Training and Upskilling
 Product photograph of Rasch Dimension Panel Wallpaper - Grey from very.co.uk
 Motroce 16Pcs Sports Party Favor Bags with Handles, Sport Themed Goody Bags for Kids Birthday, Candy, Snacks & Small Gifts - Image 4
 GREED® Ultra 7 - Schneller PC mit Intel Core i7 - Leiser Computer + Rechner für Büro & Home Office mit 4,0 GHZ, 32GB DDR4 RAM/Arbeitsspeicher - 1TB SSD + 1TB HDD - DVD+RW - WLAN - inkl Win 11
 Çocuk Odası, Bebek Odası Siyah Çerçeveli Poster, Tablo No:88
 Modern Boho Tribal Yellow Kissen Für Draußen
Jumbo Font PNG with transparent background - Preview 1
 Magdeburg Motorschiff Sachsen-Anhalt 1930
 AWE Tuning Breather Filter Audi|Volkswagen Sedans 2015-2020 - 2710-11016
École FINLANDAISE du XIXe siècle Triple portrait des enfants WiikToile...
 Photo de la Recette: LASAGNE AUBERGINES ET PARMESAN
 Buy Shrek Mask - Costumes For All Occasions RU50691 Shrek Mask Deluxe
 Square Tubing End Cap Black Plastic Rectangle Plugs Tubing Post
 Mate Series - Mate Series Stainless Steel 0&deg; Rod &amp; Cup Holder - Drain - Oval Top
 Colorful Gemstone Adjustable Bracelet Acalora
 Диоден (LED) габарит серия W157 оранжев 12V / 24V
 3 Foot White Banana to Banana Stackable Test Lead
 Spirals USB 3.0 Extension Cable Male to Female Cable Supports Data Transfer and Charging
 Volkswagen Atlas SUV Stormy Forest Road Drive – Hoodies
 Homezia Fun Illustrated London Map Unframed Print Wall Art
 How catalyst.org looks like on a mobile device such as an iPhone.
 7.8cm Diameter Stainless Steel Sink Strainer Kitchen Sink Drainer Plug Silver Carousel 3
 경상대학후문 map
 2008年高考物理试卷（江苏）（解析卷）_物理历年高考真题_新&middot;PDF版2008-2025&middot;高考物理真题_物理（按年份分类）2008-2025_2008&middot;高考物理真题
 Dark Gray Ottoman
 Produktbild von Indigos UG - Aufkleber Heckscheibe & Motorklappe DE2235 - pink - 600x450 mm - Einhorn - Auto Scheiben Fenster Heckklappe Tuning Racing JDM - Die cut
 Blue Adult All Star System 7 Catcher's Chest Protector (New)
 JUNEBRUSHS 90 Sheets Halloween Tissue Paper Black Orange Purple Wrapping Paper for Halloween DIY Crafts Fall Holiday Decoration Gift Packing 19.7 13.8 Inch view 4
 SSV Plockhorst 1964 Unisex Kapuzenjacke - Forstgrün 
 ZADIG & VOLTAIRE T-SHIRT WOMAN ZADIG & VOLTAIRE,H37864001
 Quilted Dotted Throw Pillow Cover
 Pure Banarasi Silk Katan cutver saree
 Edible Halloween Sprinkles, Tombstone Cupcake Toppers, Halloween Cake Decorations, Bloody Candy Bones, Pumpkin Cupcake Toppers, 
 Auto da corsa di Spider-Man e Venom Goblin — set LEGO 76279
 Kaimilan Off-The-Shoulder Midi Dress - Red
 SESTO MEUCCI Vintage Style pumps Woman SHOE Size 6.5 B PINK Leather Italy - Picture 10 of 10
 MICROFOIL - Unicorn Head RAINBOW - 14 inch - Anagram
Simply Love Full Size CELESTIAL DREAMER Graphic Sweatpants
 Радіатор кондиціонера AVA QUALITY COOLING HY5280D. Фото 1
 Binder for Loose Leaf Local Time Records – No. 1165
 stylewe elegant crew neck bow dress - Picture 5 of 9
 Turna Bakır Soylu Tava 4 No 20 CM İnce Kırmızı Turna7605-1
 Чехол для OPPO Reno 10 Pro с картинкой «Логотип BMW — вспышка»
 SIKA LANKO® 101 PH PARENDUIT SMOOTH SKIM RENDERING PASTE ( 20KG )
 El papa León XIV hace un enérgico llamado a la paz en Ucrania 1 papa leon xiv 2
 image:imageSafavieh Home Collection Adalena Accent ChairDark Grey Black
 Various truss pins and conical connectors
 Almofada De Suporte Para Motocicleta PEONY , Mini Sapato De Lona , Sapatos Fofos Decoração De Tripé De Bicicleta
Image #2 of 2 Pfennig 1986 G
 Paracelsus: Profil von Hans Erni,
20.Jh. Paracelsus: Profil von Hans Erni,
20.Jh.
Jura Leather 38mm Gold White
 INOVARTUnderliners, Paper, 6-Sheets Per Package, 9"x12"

**********

→ **WHAT THE TASK ASKS**: The complete data is to be transcribed verbatim.

→ **OUTPUT OF THE EXERCISE**:
Training and Upskilling
 Product photograph of Rasch Dimension Panel Wallpaper - Grey from very.co.uk
 Motroce 16Pcs Sports Party Favor Bags with Handles, Sport Themed Goody Bags for Kids Birthday, Candy, Snacks & Small Gifts - Image 4
 GREED® Ultra 7 - Schneller PC mit Intel Core i7 - Leiser Computer + Rechner für Büro & Home Office mit 4,0 GHZ, 32GB DDR4 RAM/Arbeitsspeicher - 1TB SSD + 1TB HDD - DVD+RW - WLAN - inkl Win 11
 Çocuk Odası, Bebek Odası Siyah Çerçeveli Poster, Tablo No:88
 Modern Boho Tribal Yellow Kissen Für Draußen
Jumbo Font PNG with transparent background - Preview 1
 Magdeburg Motorschiff Sachsen-Anhalt 1930
 AWE Tuning Breather Filter Audi|Volkswagen Sedans 2015-2020 - 2710-11016
École FINLANDAISE du XIXe siècle Triple portrait des enfants WiikToile...
 Photo de la Recette: LASAGNE AUBERGINES ET PARMESAN
 Buy Shrek Mask - Costumes For All Occasions RU50691 Shrek Mask Deluxe
 Square Tubing End Cap Black Plastic Rectangle Plugs Tubing Post
 Mate Series - Mate Series Stainless Steel 0&deg; Rod &amp; Cup Holder - Drain - Oval Top
 Colorful Gemstone Adjustable Bracelet Acalora
 Диоден (LED) габарит серия W157 оранжев 12V / 24V
 3 Foot White Banana to Banana Stackable Test Lead
 Spirals USB 3.0 Extension Cable Male to Female Cable Supports Data Transfer and Charging
 Volkswagen Atlas SUV Stormy Forest Road Drive – Hoodies
 Homezia Fun Illustrated London Map Unframed Print Wall Art
 How catalyst.org looks like on a mobile device such as an iPhone.
 7.8cm Diameter Stainless Steel Sink Strainer Kitchen Sink Drainer Plug Silver Carousel 3
 경상대학후문 map
 2008年高考物理试卷（江苏）（解析卷）_物理历年高考真题_新&middot;PDF版2008-2025&middot;高考物理真题_物理（按年份分类）2008-2025_2008&middot;高考物理真题
 Dark Gray Ottoman
 Produktbild von Indigos UG - Aufkleber Heckscheibe & Motorklappe DE2235 - pink - 600x450 mm - Einhorn - Auto Scheiben Fenster Heckklappe Tuning Racing JDM - Die cut
 Blue Adult All Star System 7 Catcher's Chest Protector (New)
 JUNEBRUSHS 90 Sheets Halloween Tissue Paper Black Orange Purple Wrapping Paper for Halloween DIY Crafts Fall Holiday Decoration Gift Packing 19.7 13.8 Inch view 4
 SSV Plockhorst 1964 Unisex Kapuzenjacke - Forstgrün 
 ZADIG & VOLTAIRE T-SHIRT WOMAN ZADIG & VOLTAIRE,H37864001
 Quilted Dotted Throw Pillow Cover
 Pure Banarasi Silk Katan cutver saree
 Edible Halloween Sprinkles, Tombstone Cupcake Toppers, Halloween Cake Decorations, Bloody Candy Bones, Pumpkin Cupcake Toppers, 
 Auto da corsa di Spider-Man e Venom Goblin — set LEGO 76279
 Kaimilan Off-The-Shoulder Midi Dress - Red
 SESTO MEUCCI Vintage Style pumps Woman SHOE Size 6.5 B PINK Leather Italy - Picture 10 of 10
 MICROFOIL - Unicorn Head RAINBOW - 14 inch - Anagram
Simply Love Full Size CELESTIAL DREAMER Graphic Sweatpants
 Радіатор кондиціонера AVA QUALITY COOLING HY5280D. Фото 1
 Binder for Loose Leaf Local Time Records – No. 1165
 stylewe elegant crew neck bow dress - Picture 5 of 9
 Turna Bakır Soylu Tava 4 No 20 CM İnce Kırmızı Turna7605-1
 Чехол для OPPO Reno 10 Pro с картинкой «Логотип BMW — вспышка»
 SIKA LANKO® 101 PH PARENDUIT SMOOTH SKIM RENDERING PASTE ( 20KG )
 El papa León XIV hace un enérgico llamado a la paz en Ucrania 1 papa leon xiv 2
 image:imageSafavieh Home Collection Adalena Accent ChairDark Grey Black
 Various truss pins and conical connectors
 Almofada De Suporte Para Motocicleta PEONY , Mini Sapato De Lona , Sapatos Fofos Decoração De Tripé De Bicicleta
Image #2 of 2 Pfennig 1986 G
 Paracelsus: Profil von Hans Erni,
20.Jh. Paracelsus: Profil von Hans Erni,
20.Jh.
Jura Leather 38mm Gold White
 INOVARTUnderliners, Paper, 6-Sheets Per Package, 9"x12"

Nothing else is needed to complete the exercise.